Consider this snippet from a file:
50442
5838
1843
167356
131671
It’s a list of integers (the full file has 122 of them), but the delimiter is three newline characters. I needed to get rid of the empty lines in this file.
I thought of it as replacing three \n
characters with one, so it seemed like a good place to use the sed
command.
However, according to this FAQ for sed
, it’s impossible to use \n
in a sed
command to strip out newlines.
5.10. Why can’t I match or delete a newline using the \n escape sequence? Why can’t I match 2 or more lines using \n?
The \n will never match the newline at the end-of-line because the newline is always stripped off before the line is placed into the pattern space. To get 2 or more lines into the pattern space, use the ‘N’ command or something similar (such as ‘H;…;g;’).

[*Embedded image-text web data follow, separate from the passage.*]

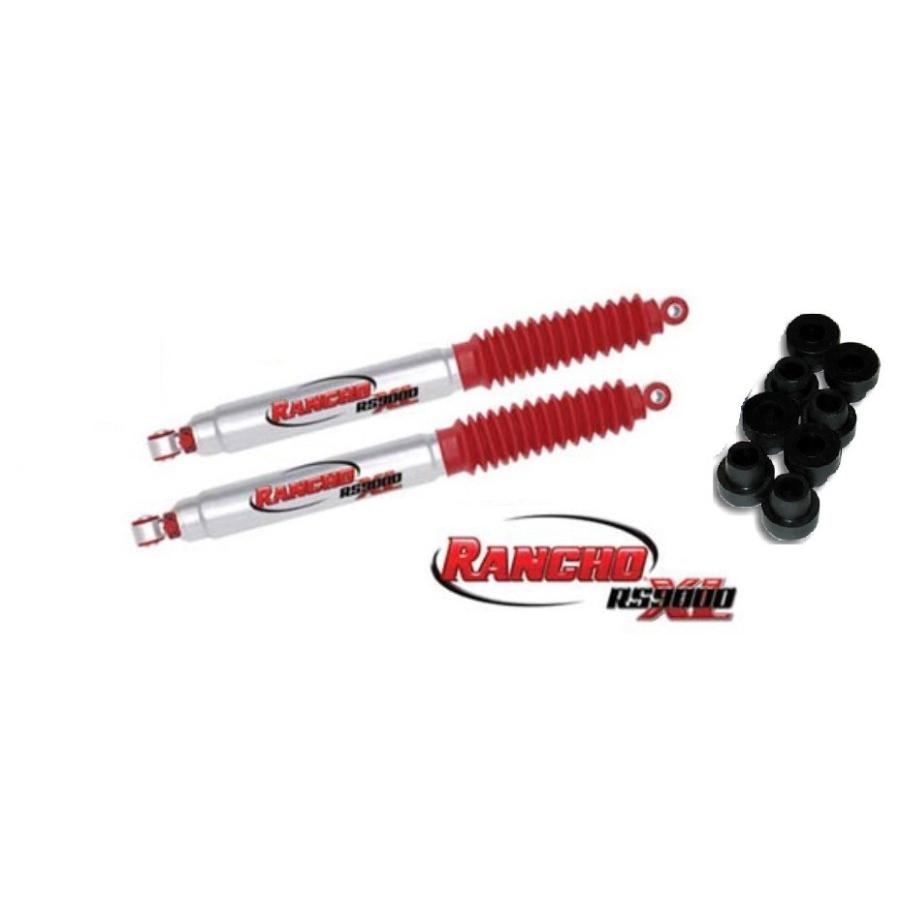 楽天 Ranchoランチョ Rs9000xl ランクル８０ ショックアブソーバー ショックブーツ付き リアセット リアショック ループマウントゴムブッシュ 配送員設置送料無料 Www Thedailyspud Com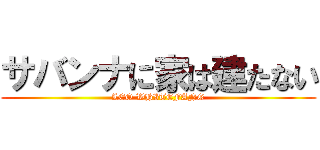 サバンナに家は建たない (LEO WHITEFANG)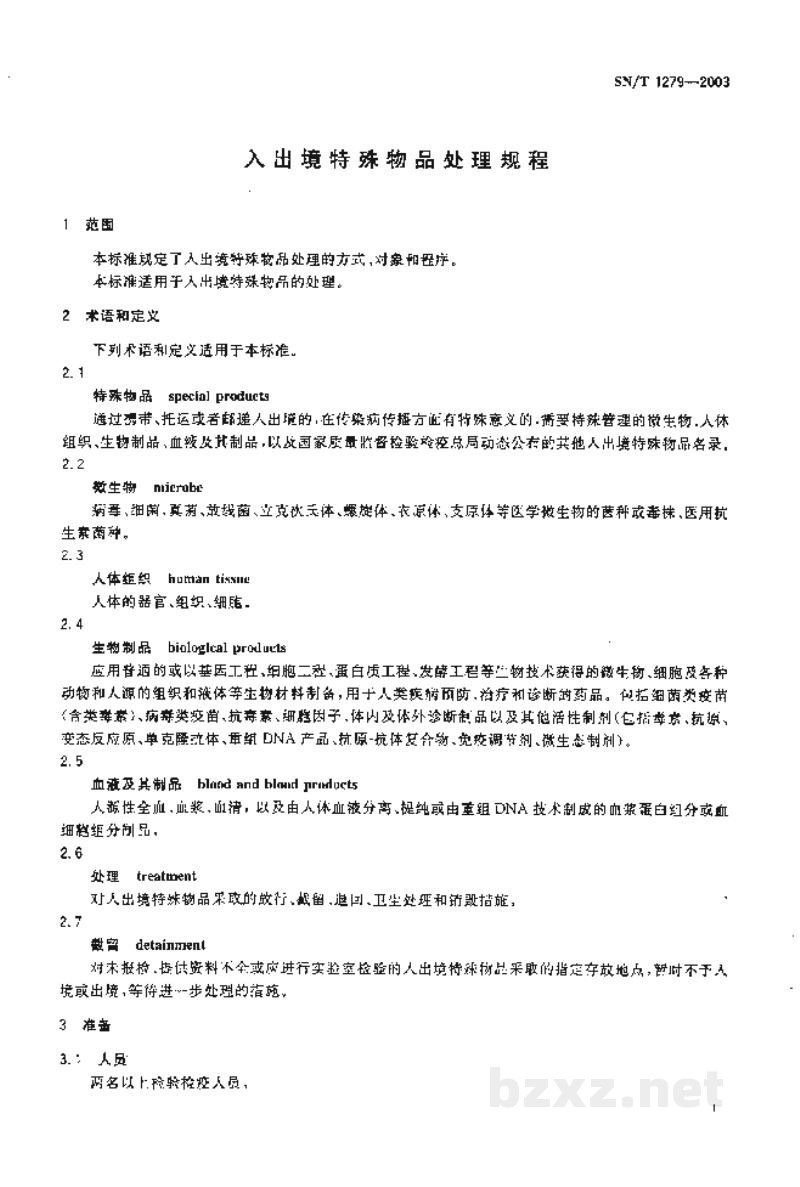 SN/T 1279-2003入出境特殊物品处理规程 SN/T 1279-2003入出境特殊物品处理规程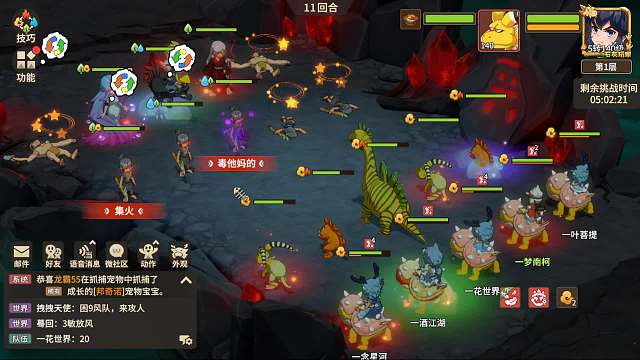 石器时代觉醒邦奇诺区-精灵王深渊-绝命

Sed works like this: sed reads one line at a time, chops off the terminating newline, puts what is left into the pattern space where the sed script can address or change it, and when the pattern space is printed, appends a newline to stdout (or to a file). If the pattern space is entirely or partially deleted with ‘d’ or ‘D’, the newline is not added in such cases. Thus, scripts like
sed 's/\n//' file # to delete newlines from each line sed 's/\n/foo\n/' file # to add a word to the end of each linewill never work, because the trailing newline is removed before the line is put into the pattern space. To perform the above tasks, use one of these scripts instead:
tr -d '\n' < file # use tr to delete newlines sed ':a;N;$!ba;s/\n//g' file # GNU sed to delete newlines sed 's/$/ foo/' file # add "foo" to end of each line
Basically, the utility reads the input line-by-line, so it never sees the newlines anyway. It looks like we can’t replace multiple newlines with a single newline after all.
However, a regex trick I found was to detect empty lines and delete them:
sed /^$/d FILE
This regex looks for any line that ends immediately after it begins, then deletes that line. It worked perfectly for my needs.